This is a basic, threaded & asynchronous EL engine. Its purpose is to ingest data by polling a data source, store the data in a staging location (flat files, parquet, etc...) in one process, and then in another process ingest the data from the stage location and push it to the targeted sink location.
The library has five main components:
- Consumer
- Components of this kind are to be used to ingest (extract) data from a source and store to a Stage
- Producer
- Components of this kind are to be used to egest (load) data from a Stage into a source location
- Stage
- Stage components contain the logic to write out and read into a pandas dataframe data as the intermediate transport cache.
- utils
- This module contains code that helps with other operations.
- engine
- This is the piece of code used to execute the pipeline.
The API of this project has been intentionally kept to a minimum. The interface of each of the module base classes will be discussed in greater detail below.
class Consumer:
def __init__(self, **kwargs)
def run(self) -> None
def flush(self) -> None
The constructor 'init' method takes a variable number of arguments. All arguments that are to be passed into here should be available within the configuration file. Implementations should reference the values from the configuration file.
The 'run' method is will execute the source to stage pipeline. The current examples in this project execute asynchronous processes.
The 'flush' method pushes the data into the stage
class Producer:
def __init__(self, **kwargs)
def run(self) -> None
The constructor 'init' method takes a variable number of arguments. All arguments that are to be passed into here should be available within the configuration file. Implementations should reference the values from the configuration file.
The 'run' method will execute the stage to sink pipeline. The current examples in the project execute asynchronous processes.
class Stage:
def __init__(self, **kwargs)
def put(self, data: Dict, **kwargs) -> None
def get(self) -> pd.DataFrame
The constructor 'init' method takes a variable number of arguments. All arguments that are to be passed into here should be available within the configuration file. Implementations should reference the values from the configuration file. Each Consumer will have the stage configuration.
The 'put' method takes a field called data, which must be a dict (or comparable) that contains the data being written to the stage. It may also take additional arguments that must be provided on a per implementation need and read from the kwargs.
This code is generic and should work in most situations.

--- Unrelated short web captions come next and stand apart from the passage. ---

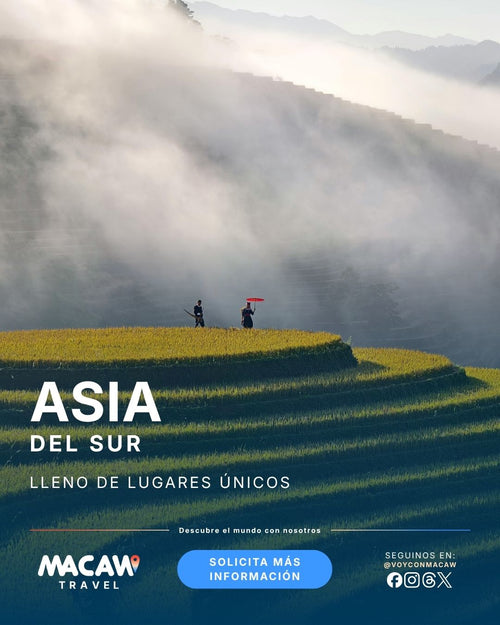 Asia del Sur | Conoce lo desconodido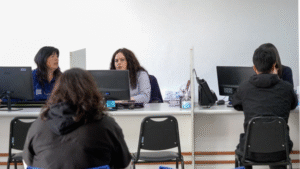 40 personas actualizaron su registro social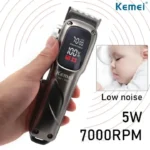 Kemei KM-1550 Professional Hair Clipper and Beard Trimmer - Image 2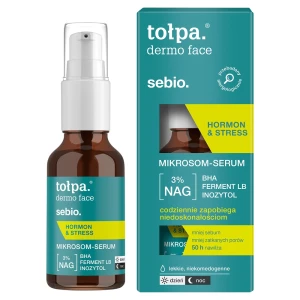 TOŁPA Dermo Face Sebio hormon&amp;stress mikrosom-serum - 30ml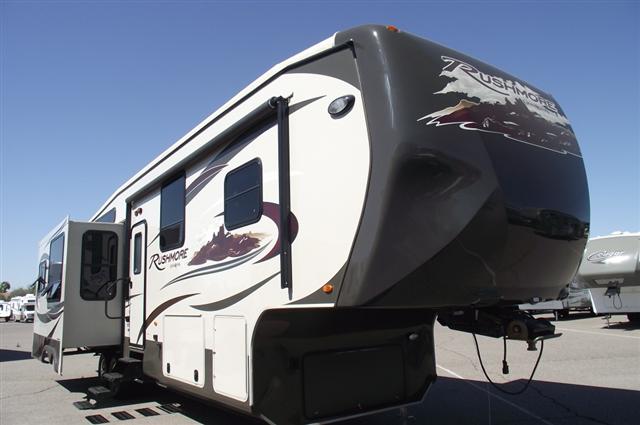New 2012 Crossroads Rushmore 35CK Fifth Wheel For Sale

The following is a sample configuration file
runners:
- name: websocket_1
variety: socket
type: consumer
uri: wss://ws.coincap.io/trades/binance
stage:
type: local
path: 'tmp'
batch_configuration:
size: 100
- name: websocket_2
variety: socket
type: consumer
uri: wss://ws.coincap.io/trades/huobi
stage:
type: local
path: 'tmp'
batch_configuration:
size: 100
- name: postgres
variety: postgres
depends_on:
- websocket_1
- websocket_2
type: producer
profile: postgres
The main part of the configuration is a 'runners' grouping. Within this are all the producers and consumers. The configuration should be pretty clean-cut, however lets discuss the configuration of a consumer and a producer.
A consumer has the following:
- name - unique identifier for that specific consumer
- variety - is the name of the class that is to be created. Used within the factory method
- type = consumer
- uri - this is specific to the socket consumer and is the URI for the websocket connection
- stage - configuration for the stage to that will be used
- batch_configuration - describes how batching is executed
A producer has the following:
- name - unique identifier for the
- variety - name of class that this producer will have
- depends_on - list of consumers (by name) that the producer is responsible for processing stages of.
- type = producer
- profile - reference to the profile that is stored in the profile.yaml
The following section will cover how to setup and use this project.

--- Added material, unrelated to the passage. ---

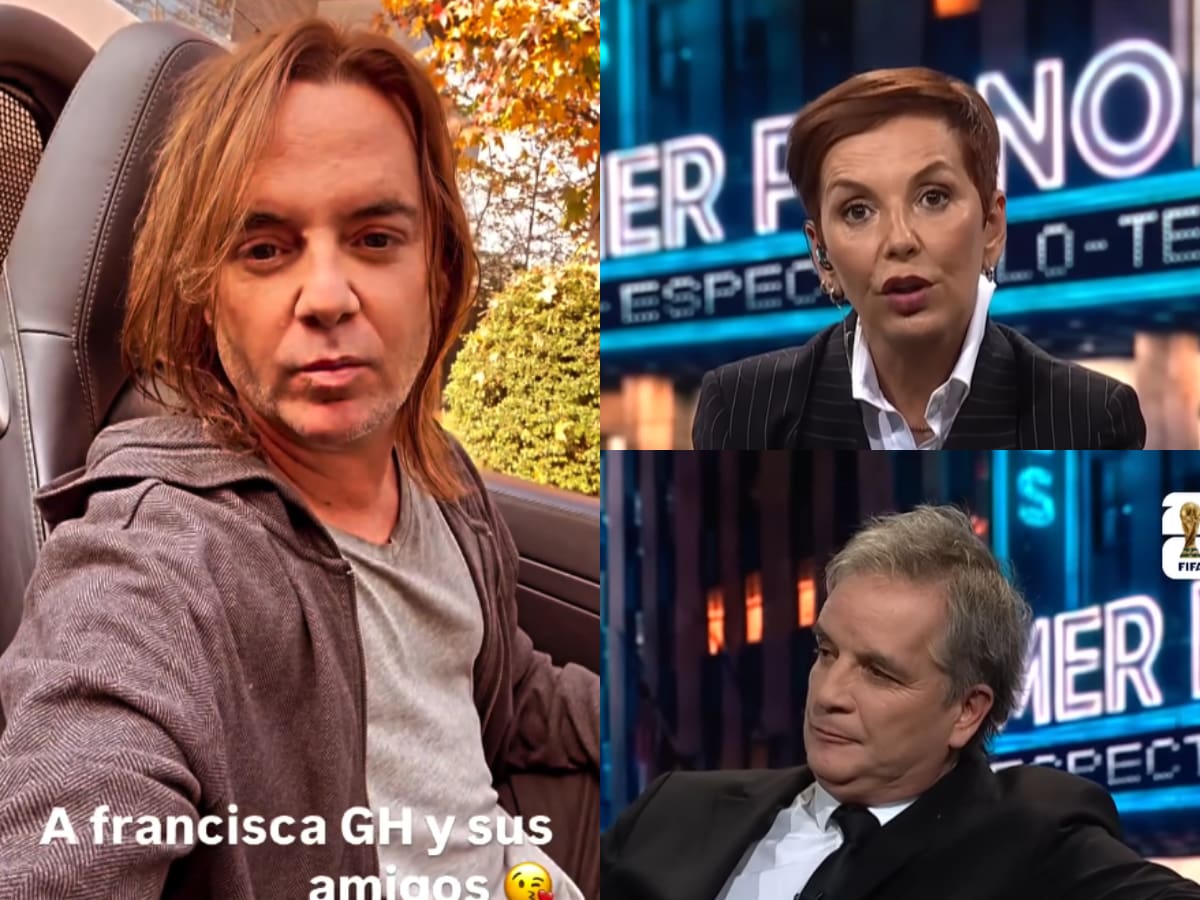 Trató de Popín a Fran-García Huidobro y arremetió contra Pablo Mackenna: “Cuchillo” lanza nuevo dardo en tenso cruce farandulero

this project uses local credential management in a 'hidden' subdirectory in the users root directory. You will need to create it with the following command
mkdir .socket_el
Within this directory you should have a profile.yml file that has entries as such:
postgres:
user: postgres
password: password
database: test
host: 127.0.0.1
port: 5432
schema: test
It is likely that you could end up with many of these such files. They can be referenced from within a configuration by the key (postgres above) for the entry in the profile.yml file.
pipenv is used as the virtual environment tool of choice for this project. Please read the appropriate documentation on setting pipenv up and using it within your project. I would recommend using pycharm as it integrates very well with pipenv.

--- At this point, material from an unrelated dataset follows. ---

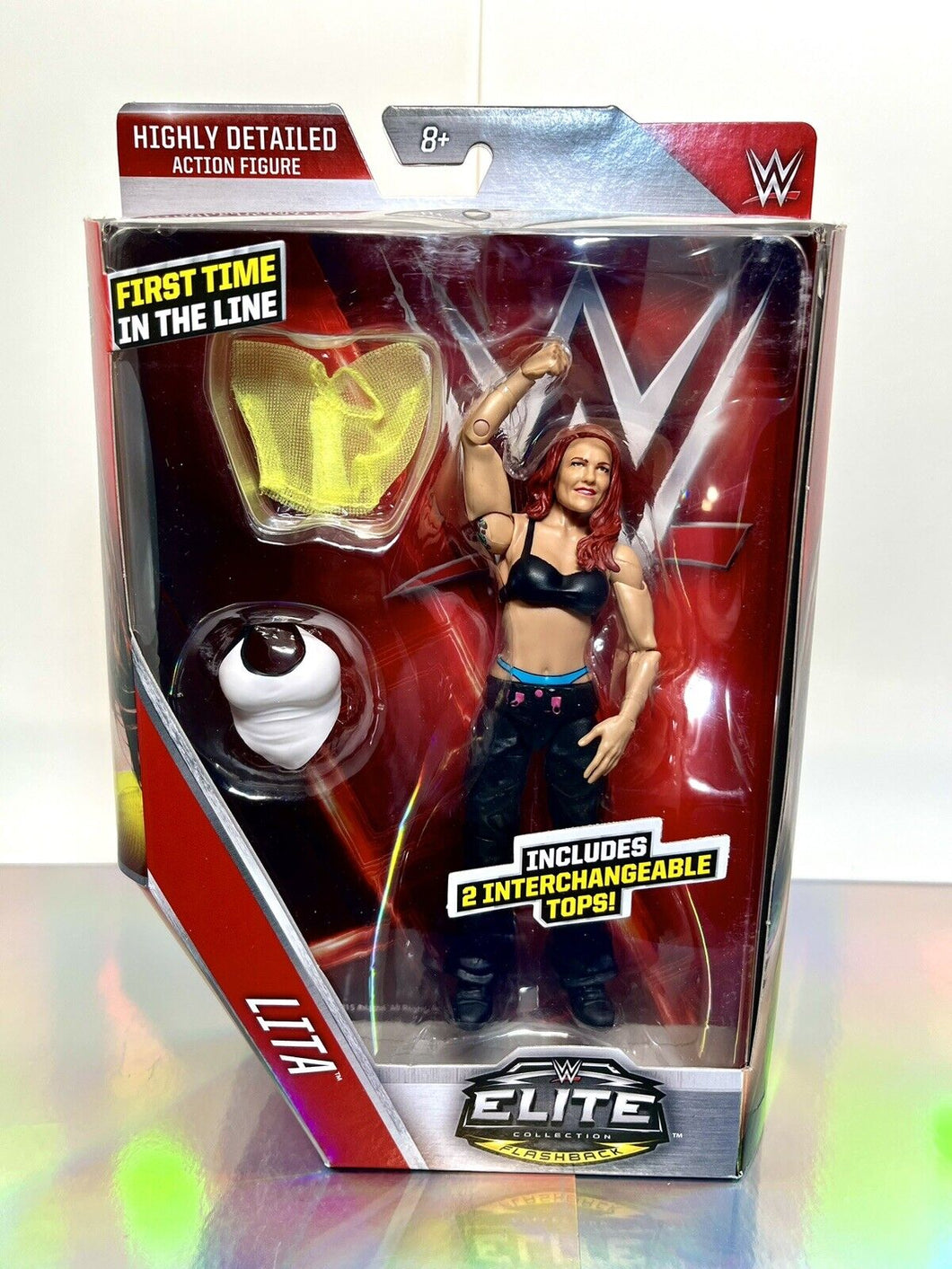 2015 WWE Elite Collection Flashback Series 41 Figure: LITA (1st Time in Line)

Once pipenv is installed, you can open to this project root and type
pipenv install
and the dependencies will be installed.
Docker will be useful if you are hosting a local database server to test from and don't wish to have a permanent install on your machine.
Follow the best recommendations to install docker for your working environment.
It is envisioned that this code will eventually be turned into a python package. What functionality that is to be supported remains to be seen.